Python for ecologists

Models - Beyond a simple step matrix

Overview

Teaching: 180 min
Exercises: 0 min
Questions
  • How do I use PAUP to try different evolutionary models?

Objectives
  • Explain what different models are telling us about evolution.

  • Perform heuristic searches under different models.

  • Perform parsimony analyses using PAUP on LONI

What is parsimony doing anyway?

What assumption does parsimony make about how characters evolve?

Go ahead, log into LONI, start an interactive sessions and load paup.

Now, we’ll start paup and read in the data.

paup

execute Data/primate-mtDNA.nex

alltrees

Copy down the score of the best tree.

What about making different assumptions?

Exit Paup.

Copy the BinaryMatrix.nex into our Data folder. Open the Binary Matrix. What are these data? Please add this matrix to the end of the file:

begin assumptions;
 usertype my_ctype stepmatrix=2
     0 1
 [0] . 1
 [1] 0 .

 ;
end;

What is this matrix specifying? Save it. Now, restart PAUP and do a quick hsearch:

execute Data/BinaryMatrix.nex
hsearch

Why is the score on this so much less than the multistate data set?

Now, let’s try using our custom matrix:

ctype my_ctype:1
hsearch

We have imposed a new step matrix on the first character in the matrix.

Let’s draw it on the board. What kind of data do you think would fit this data? What kind of data would fit parsimony?

How does this impact the parsimony score of the data? Why does this make sense? What does this mean for how we conceive of these models?

Homework: How is the parsimony score impacted if you set a different number of characters to the custom model?

Modeling Sequence Evolution

Load in the primate-mtDNA.nex file. What does a step matrix look like for parsimony for nucleotide sequence data?

Perform an exhaustive parsimony search. Build a consensus tree and save it.

Let’s talk about different assumptions we can make about the way molecular sequences evolve.

Transitions and Transversions

Image of Transitions and Transversions via Wikipedia

Exercise on board making this transition matrix, then in text editor.

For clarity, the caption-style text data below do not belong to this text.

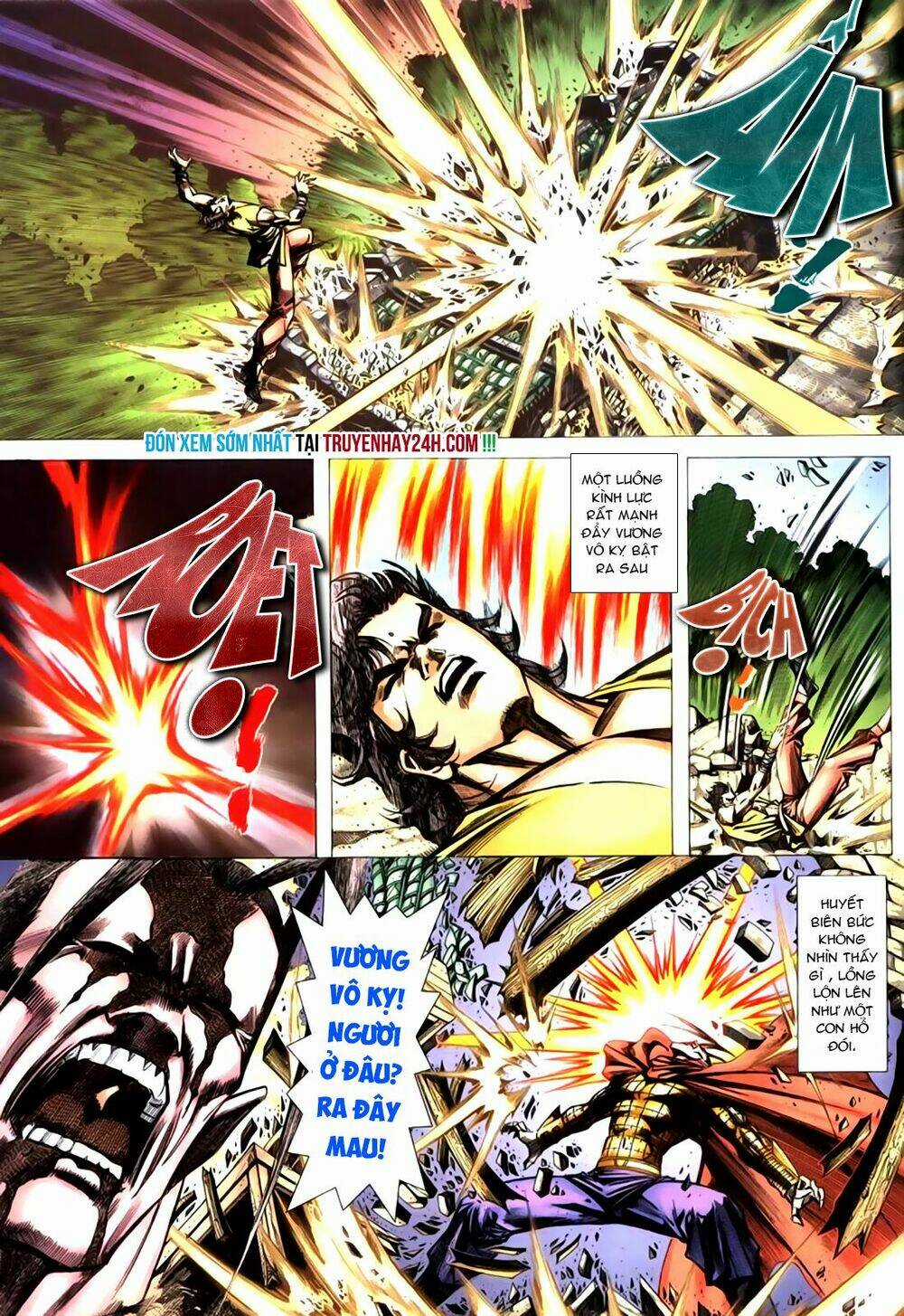 Túy Quyền Tiền Truyện Chapter 6 trang 25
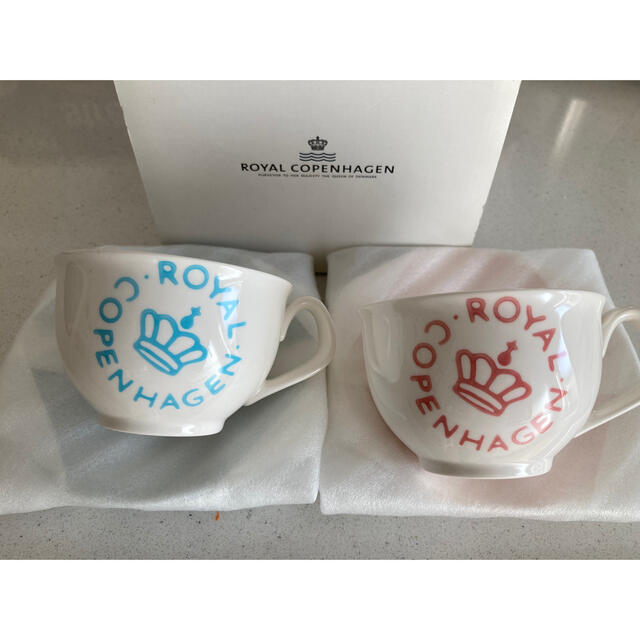 ROYAL COPENHAGEN - 新品！ロイヤルコペンハーゲン カップ&ソーサー ...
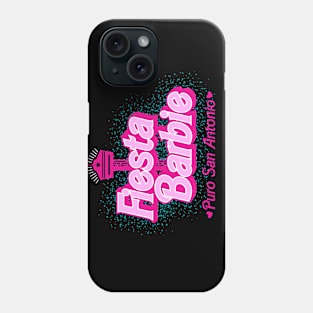 Fiesta Girl in Pink Puro San Antonio Phone Case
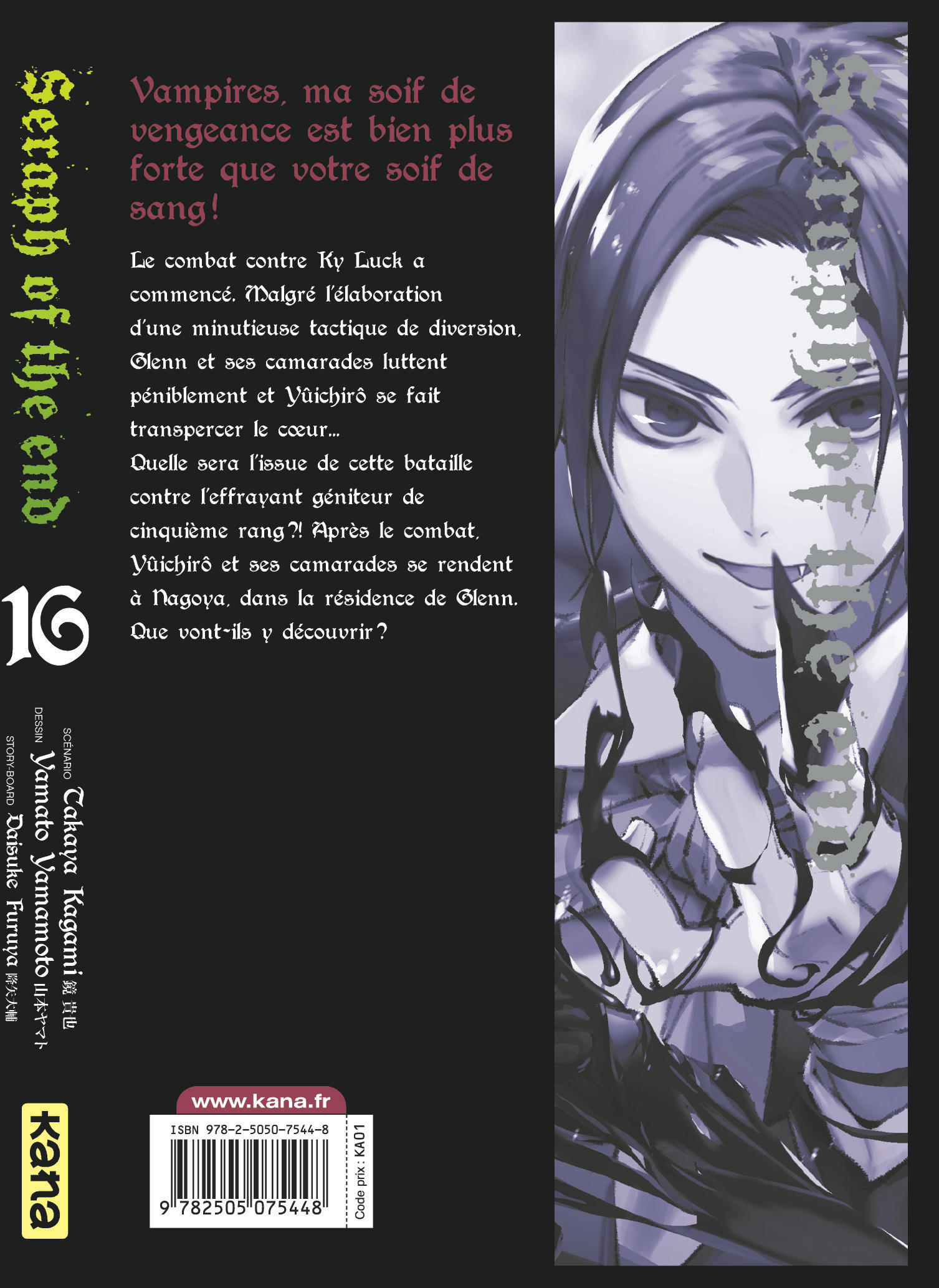 Seraph of the end T16 - 4eme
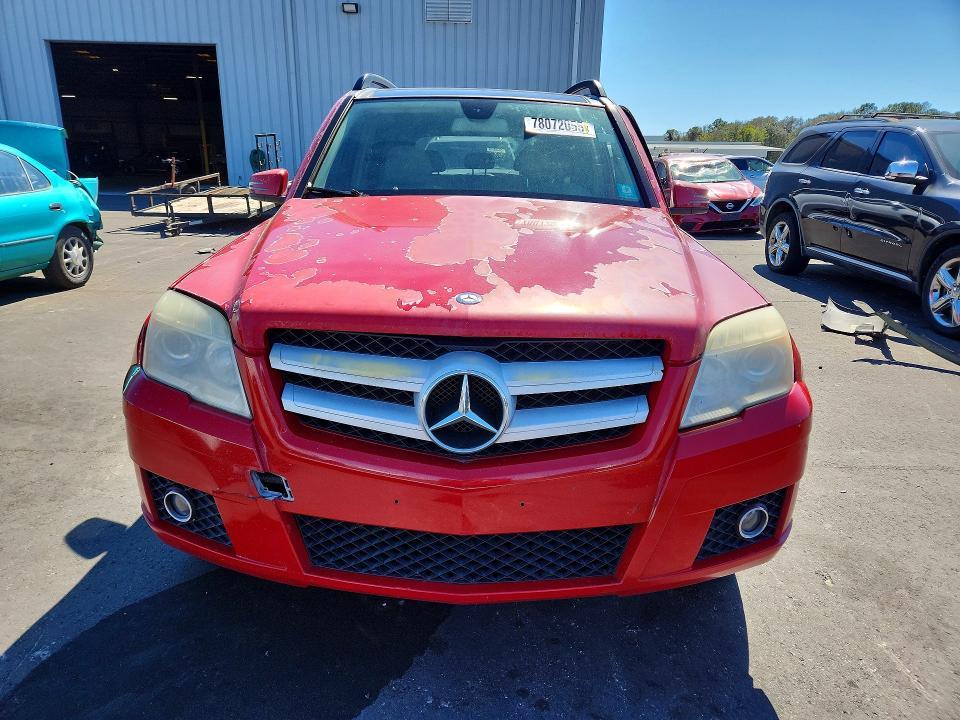 2011 Mercedes-Benz Glk 350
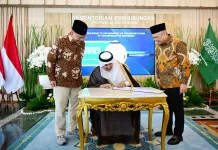 Menhub Dorong Penguatan Kerja Sama Penerbangan Indonesia dan Arab Saudi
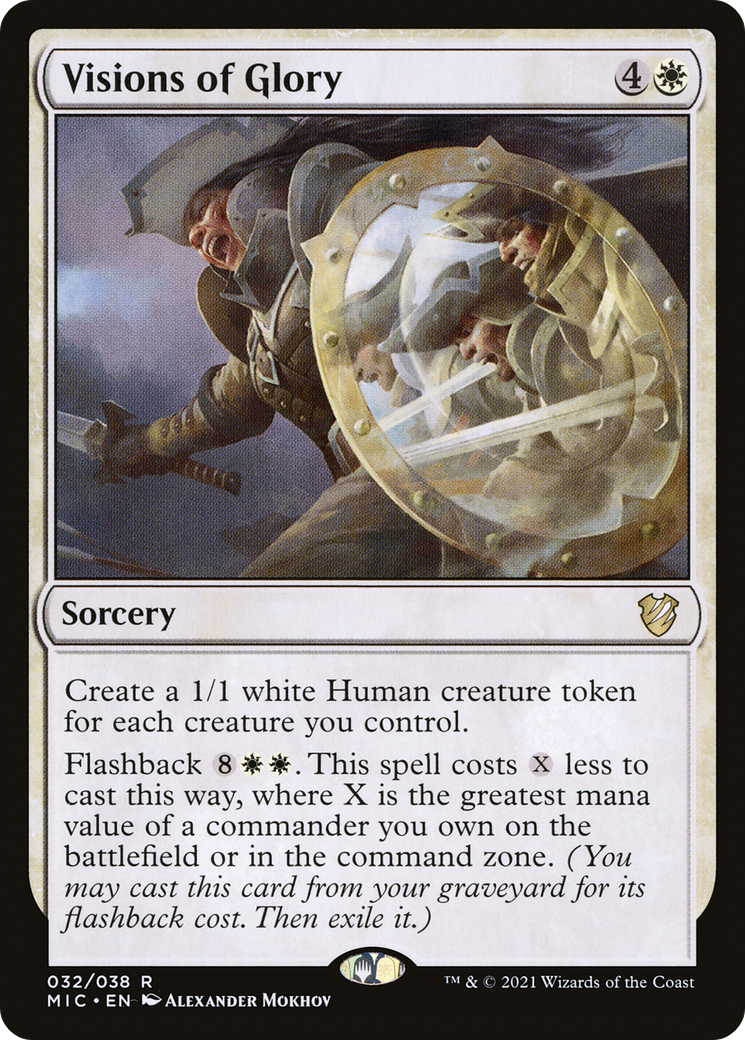 Visions of Glory (MIC-032)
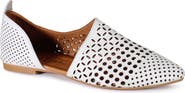 Diba True PAPY RUSS Leather D'Orsay Slip On Flat
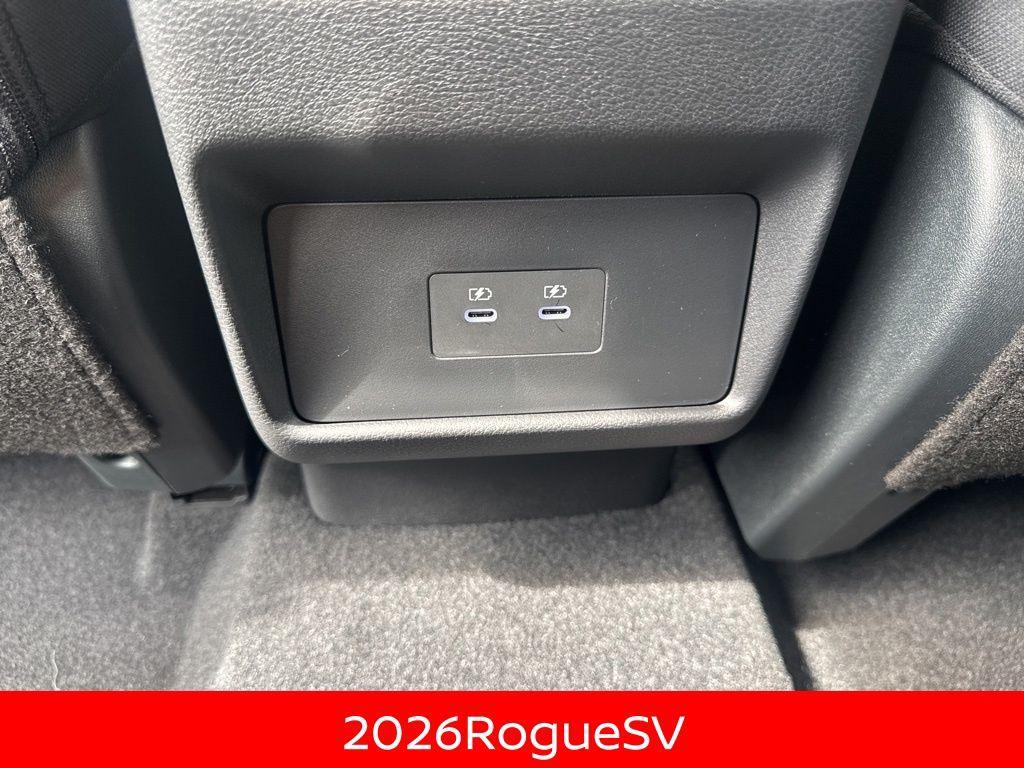 new 2026 Nissan Rogue car, priced at $29,403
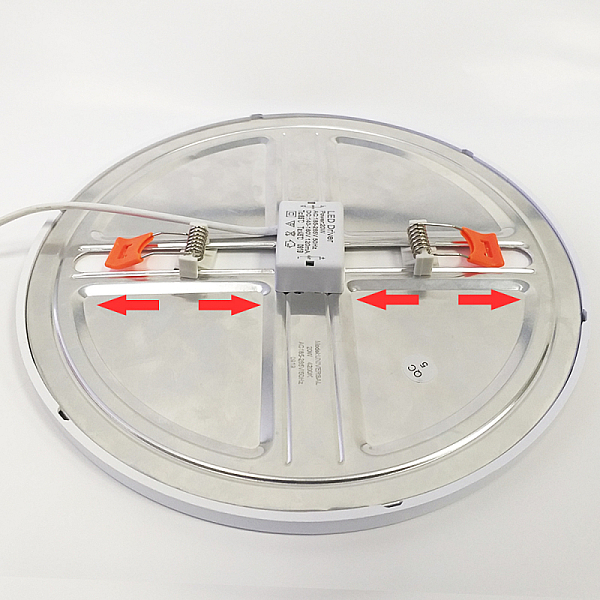 Встраиваемый светодиодный светильник EKS Universal LED UTT00004373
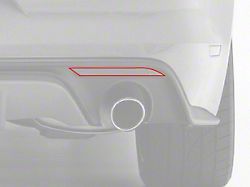 SEC10 Rear Bumper Marker Protective Film (15-17 Mustang)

Apply the new matrix to the whole dataset (898 char), and perform an exhaustive parsimony search.

How has this changed the parismony score of the best tree found? Make a consensus tree and save it. Download and view the two trees we’ve made. Are they different?

Homework: Try the same analysis, except with a 3-1 weighting on transitions to transversions.

Base Frequencies

This is where we will transition from thinking about parsimony to thinking about other methods. Think about a dataset that you have. Do you think that nucleotide bases occur at equal frequencies in those data?

On board: show how the probability of observing a change changes as a function of base frequency.

So what is likelihood anyway?

First, let’s review probability. Dice rolling activity.

Next, let’s look at how probability applies to phylogenetics. On board: tree, with ancestral states and probabilities labeled on them.

Now, let’s work out the probability of this sequence under JC69.

Now, let’s do this in paup.

set crit=like;
lset nst=1 basefreq=equal;
hsearch;

But … wait, we just calculated a single site likelihood, and it was really small. Why is this number so big?

Now let’s try with two transition rates:

set crit=like;
lset nst=2 basefreq=equal;
hsearch;

What is your likelihood score? Do you think this is a better or a worse score?

How does the two previous commands differ from:

set crit=like;
lset nst=1 basefreq=emp;
hsearch;

What is the score of this model? And finally:

set crit=like;
lset nst=2 basefreq=emp;
hsearch;

What is the score of this model?

How to make PAUP files executeable

For the homework, I’ve asked you to run several files. In the course repo, I have included a sample primate-executeable file inside the Paup_lab directory. Copy it into your PaupLab folder. Open it in Nano. Let’s look at it together.

I have also included a sample qsub script in the course repository, in PaupLab/scripts. Copy it to your lab directory. Open it in Nano.

Key Points